** Opening Input data block **
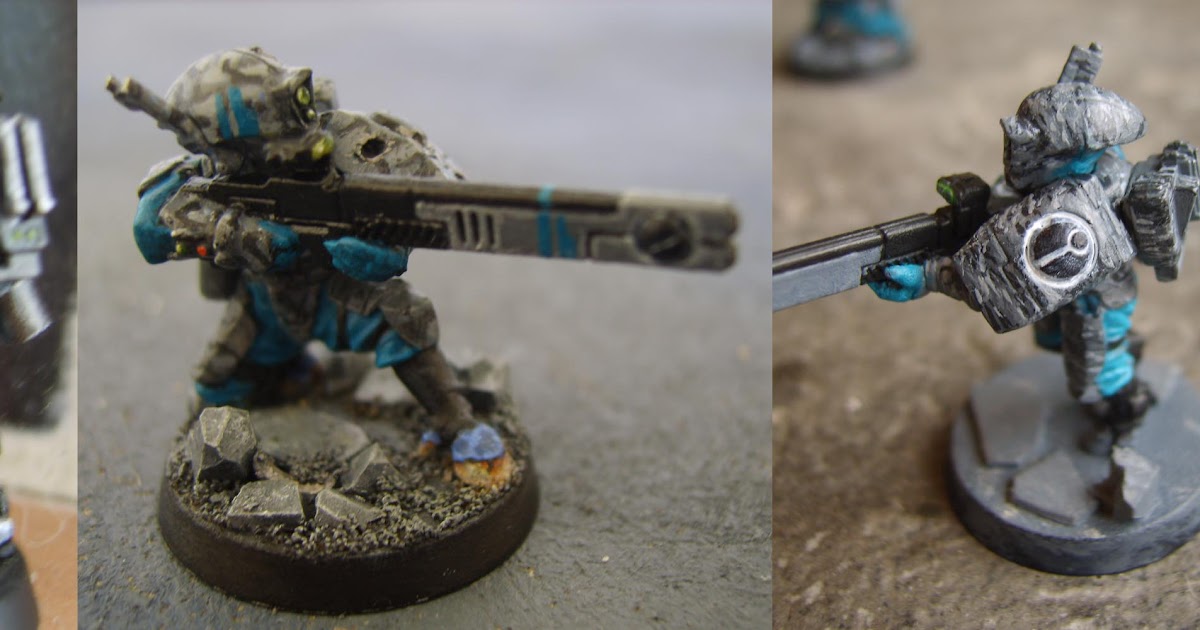 Pawn Cocktail Trouble with Tau urban camo (W40K / TW)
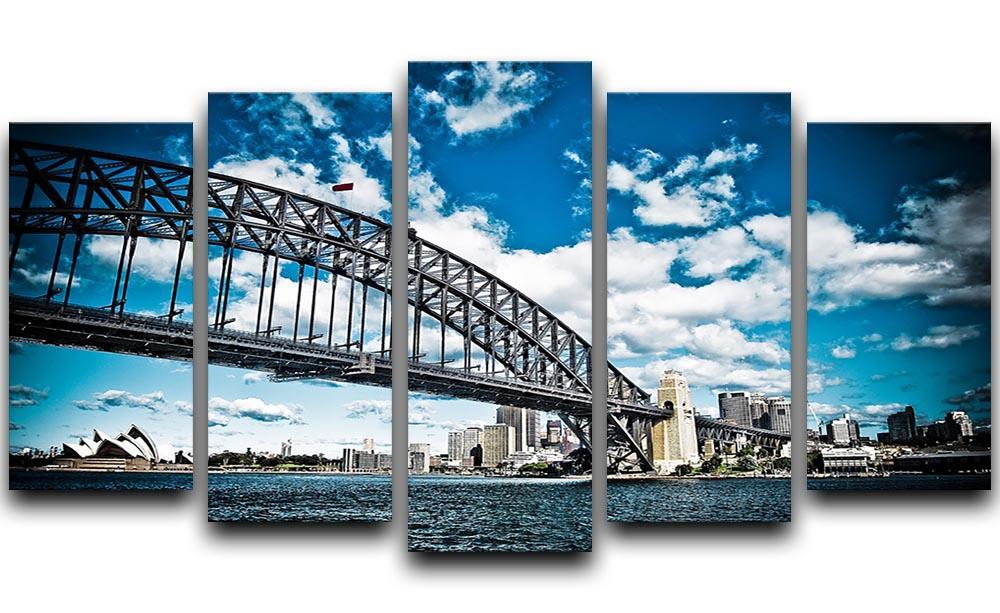 the bridge 5 Split Panel Canvas  - Canvas Art Rocks - 1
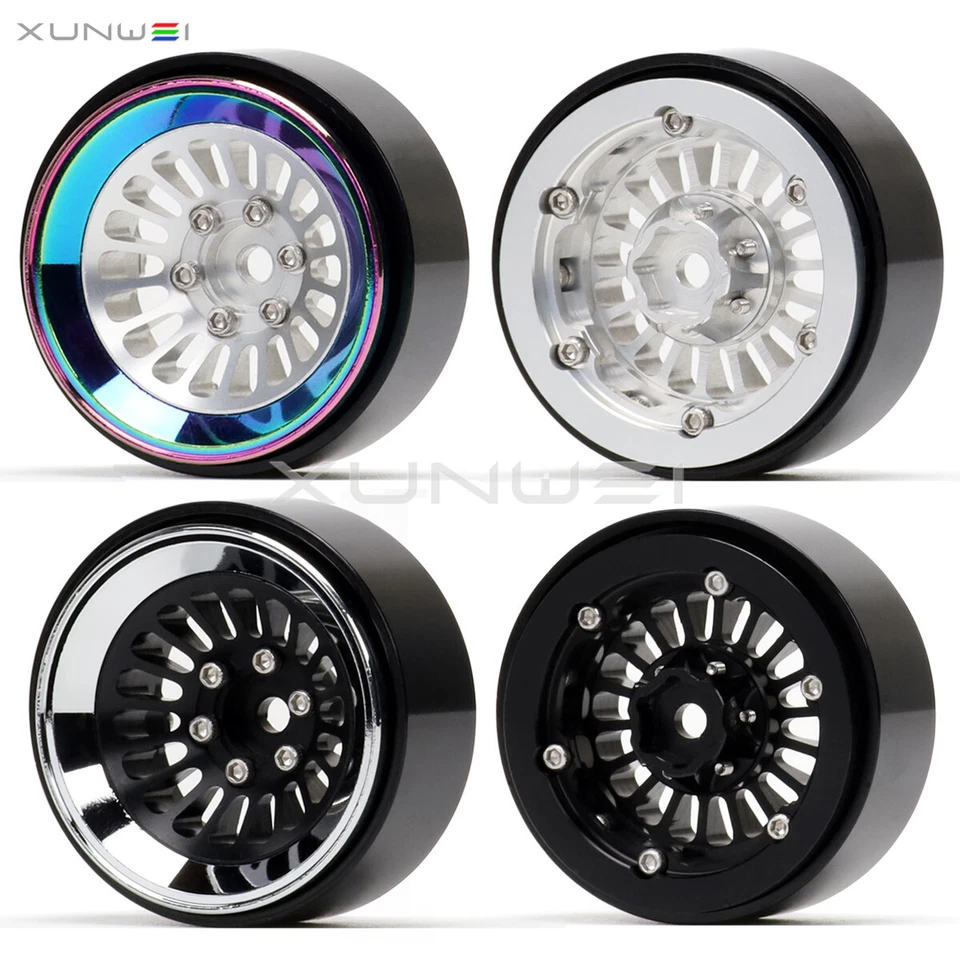 1.3 inch Beadlock Wheel Rim for RC 1/18 1/24 Axial SCX24 TRX4M Crawler Car Truck - Image 3 of 4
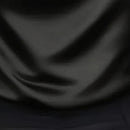 Women's Elegant Draped Neck Blouse, Solid Color Ruffle Detail Long Sleeve Shirt For Office And Formal Wear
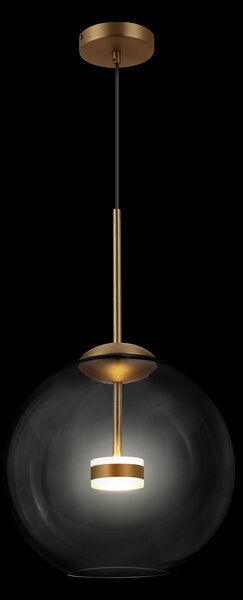 Lampada pendente Modern in Metallo e Vetro Cometa Opaco Oro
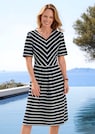 Jersey-Kleid im Marine-Look thumbnail 7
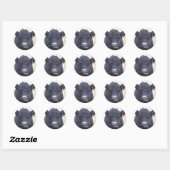 Belted Galloway Koe - Emma Ronde Sticker (Vel)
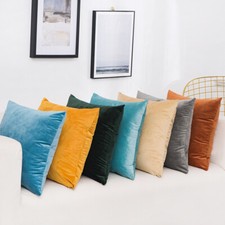 40*40 Grande Housse De Coussin En Velours Uni Taie D'oreiller Décoration De /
** Closing Input data block **
Work instructions:
Give every entry again verbatim, with no pictures.

Your response:
 Pawn Cocktail Trouble with Tau urban camo (W40K / TW)
 the bridge 5 Split Panel Canvas  - Canvas Art Rocks - 1
 1.3 inch Beadlock Wheel Rim for RC 1/18 1/24 Axial SCX24 TRX4M Crawler Car Truck - Image 3 of 4
 Women's Elegant Draped Neck Blouse, Solid Color Ruffle Detail Long Sleeve Shirt For Office And Formal Wear
 Lampada pendente Modern in Metallo e Vetro Cometa Opaco Oro
 Jersey-Kleid im Marine-Look thumbnail 7
 Belted Galloway Koe - Emma Ronde Sticker (Vel)
 40*40 Grande Housse De Coussin En Velours Uni Taie D'oreiller Décoration De /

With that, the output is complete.